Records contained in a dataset

◆ ◆ ◆

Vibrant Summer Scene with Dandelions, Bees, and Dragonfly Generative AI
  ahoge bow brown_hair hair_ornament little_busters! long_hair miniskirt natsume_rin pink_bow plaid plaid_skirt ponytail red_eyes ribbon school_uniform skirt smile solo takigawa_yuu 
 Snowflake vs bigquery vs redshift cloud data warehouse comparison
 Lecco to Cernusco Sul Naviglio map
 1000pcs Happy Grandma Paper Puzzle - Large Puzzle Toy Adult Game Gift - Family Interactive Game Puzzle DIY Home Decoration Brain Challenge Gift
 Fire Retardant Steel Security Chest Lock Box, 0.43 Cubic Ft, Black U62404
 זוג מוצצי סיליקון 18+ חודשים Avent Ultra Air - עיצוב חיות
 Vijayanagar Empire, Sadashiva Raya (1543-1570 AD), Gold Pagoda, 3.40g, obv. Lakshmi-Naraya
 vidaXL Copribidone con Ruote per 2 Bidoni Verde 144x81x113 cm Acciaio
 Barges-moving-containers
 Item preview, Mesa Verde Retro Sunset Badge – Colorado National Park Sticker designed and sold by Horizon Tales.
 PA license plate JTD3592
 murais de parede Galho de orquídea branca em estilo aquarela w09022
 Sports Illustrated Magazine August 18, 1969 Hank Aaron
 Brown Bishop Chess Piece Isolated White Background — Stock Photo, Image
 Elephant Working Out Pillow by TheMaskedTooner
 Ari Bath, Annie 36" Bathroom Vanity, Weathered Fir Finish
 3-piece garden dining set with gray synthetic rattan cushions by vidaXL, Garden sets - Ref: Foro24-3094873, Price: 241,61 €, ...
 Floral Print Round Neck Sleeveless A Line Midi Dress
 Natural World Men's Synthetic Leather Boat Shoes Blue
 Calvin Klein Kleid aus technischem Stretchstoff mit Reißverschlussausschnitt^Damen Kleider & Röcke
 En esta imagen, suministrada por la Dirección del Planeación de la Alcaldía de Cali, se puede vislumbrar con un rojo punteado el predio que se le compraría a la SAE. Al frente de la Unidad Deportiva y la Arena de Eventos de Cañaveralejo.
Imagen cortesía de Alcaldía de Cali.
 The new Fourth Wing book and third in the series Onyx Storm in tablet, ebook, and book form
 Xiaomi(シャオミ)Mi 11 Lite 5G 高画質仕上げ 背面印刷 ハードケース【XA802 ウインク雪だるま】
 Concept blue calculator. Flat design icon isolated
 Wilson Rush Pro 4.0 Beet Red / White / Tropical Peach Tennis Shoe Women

◆ ◆ ◆

▶ _What this task involves_: Line by line, retype all of the records exactly.

▶ _Expected output_:
Vibrant Summer Scene with Dandelions, Bees, and Dragonfly Generative AI
  ahoge bow brown_hair hair_ornament little_busters! long_hair miniskirt natsume_rin pink_bow plaid plaid_skirt ponytail red_eyes ribbon school_uniform skirt smile solo takigawa_yuu 
 Snowflake vs bigquery vs redshift cloud data warehouse comparison
 Lecco to Cernusco Sul Naviglio map
 1000pcs Happy Grandma Paper Puzzle - Large Puzzle Toy Adult Game Gift - Family Interactive Game Puzzle DIY Home Decoration Brain Challenge Gift
 Fire Retardant Steel Security Chest Lock Box, 0.43 Cubic Ft, Black U62404
 זוג מוצצי סיליקון 18+ חודשים Avent Ultra Air - עיצוב חיות
 Vijayanagar Empire, Sadashiva Raya (1543-1570 AD), Gold Pagoda, 3.40g, obv. Lakshmi-Naraya
 vidaXL Copribidone con Ruote per 2 Bidoni Verde 144x81x113 cm Acciaio
 Barges-moving-containers
 Item preview, Mesa Verde Retro Sunset Badge – Colorado National Park Sticker designed and sold by Horizon Tales.
 PA license plate JTD3592
 murais de parede Galho de orquídea branca em estilo aquarela w09022
 Sports Illustrated Magazine August 18, 1969 Hank Aaron
 Brown Bishop Chess Piece Isolated White Background — Stock Photo, Image
 Elephant Working Out Pillow by TheMaskedTooner
 Ari Bath, Annie 36" Bathroom Vanity, Weathered Fir Finish
 3-piece garden dining set with gray synthetic rattan cushions by vidaXL, Garden sets - Ref: Foro24-3094873, Price: 241,61 €, ...
 Floral Print Round Neck Sleeveless A Line Midi Dress
 Natural World Men's Synthetic Leather Boat Shoes Blue
 Calvin Klein Kleid aus technischem Stretchstoff mit Reißverschlussausschnitt^Damen Kleider & Röcke
 En esta imagen, suministrada por la Dirección del Planeación de la Alcaldía de Cali, se puede vislumbrar con un rojo punteado el predio que se le compraría a la SAE. Al frente de la Unidad Deportiva y la Arena de Eventos de Cañaveralejo.
Imagen cortesía de Alcaldía de Cali.
 The new Fourth Wing book and third in the series Onyx Storm in tablet, ebook, and book form
 Xiaomi(シャオミ)Mi 11 Lite 5G 高画質仕上げ 背面印刷 ハードケース【XA802 ウインク雪だるま】
 Concept blue calculator. Flat design icon isolated
 Wilson Rush Pro 4.0 Beet Red / White / Tropical Peach Tennis Shoe Women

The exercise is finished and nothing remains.